Roosevelt spent four days in bed in the White House, resting and taking sulfa to recover from what he wrote Churchill was “sleeping sickness or Gambia fever or some kindred bug” that “I picked up…in that hell-hole of yours called Bathurst. It laid me low…and left me feeling like a wet rag,” he complained. To recuperate further, he retreated for five days to Hyde Park, where “glorious zero weather” returned him to “feeling like a fighting cock.” But the fighting cock was unable to get the sights and smells of Bathurst off his mind.
The American President had witnessed the worst situation British colonialism could present. Everyone familiar with British Africa in the war years agreed with Roosevelt that Gambia was a miserable little place full of sick, unhappy people. Even friendly visitors called it “deplorable,” an “open sore,” or “one of the worst tropical slums in Africa and a disgrace to the Colonial Empire.”
Bathurst had been a difficult place to live in since its beginning. The British Colonial Office in 1816 selected the site, on Banjul Island, a flat sandspit jutting into the Gambia River on the south side of its five-mile-wide estuary, for what then seemed good reasons: It was defensible, had a deep-water harbor, was nicely situated near the river’s mouth to help the Royal Navy halt the slave trade, and was convenient for private traders who might wish to set up business in the river. But it was a miserable site for human habitation.
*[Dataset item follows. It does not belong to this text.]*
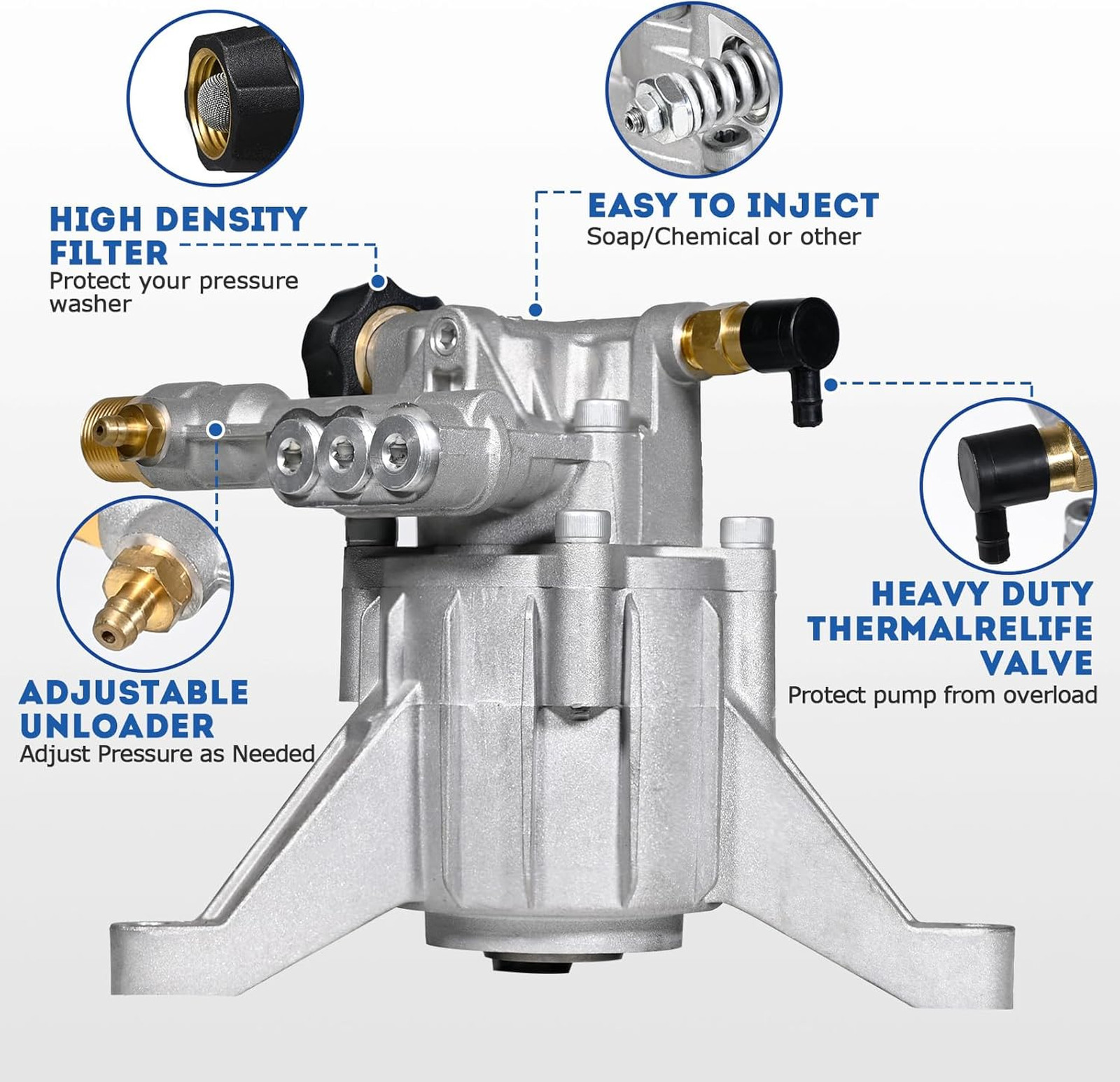 7/8 Inch Shaft Pressure Washer Pump Vertical Max 3400 PSI 2.5 GPM Replacement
Gambia’s latitude meant the river’s banks harbored vectors of some of the worst tropical diseases. Bathurst’s low, sandy base flooded easily and held puddles and swamps that were perfect breeding grounds for mosquitoes. In 1939 Gambia’s colonial secretary wrote of Bathurst’s regular floods: “I have seen their fowls and pets drowning, their houses and compounds flooded (in places to a depth of three and a half feet or more), their beds under water, no means of cooking food till the flood waters subside.…” The British learned early how unhealthy Bathurst could be for Europeans. They brought out 199 soldiers in May 1825 and by Christmas 160 of them were dead. That end of Bathurst where Roosevelt’s party would begin its motorcade over a century later was called—optimistically, it seems—“Half Die.”
As the British halted slaving on the river, their substitute economic endeavors brought changes to Gambians’ way of life. It was always fundamental in British thinking that colonial peoples should pay for their own administration. From the mid-1830s, when Gambian farmers began selling peanuts to British traders, peanut exporting became almost the sole source of funds for Gambia’s colonial government. With British encouragement Gambian farmers often grew and sold peanuts at the expense of their food crops, millet and rice. In years when world prices for peanuts were high and for rice low, Gambians had enough to eat and maybe even something left after paying colonial taxes to buy a few imported goods. But when peanut prices dropped and imported-grain prices rose, Gambians did not have enough to eat.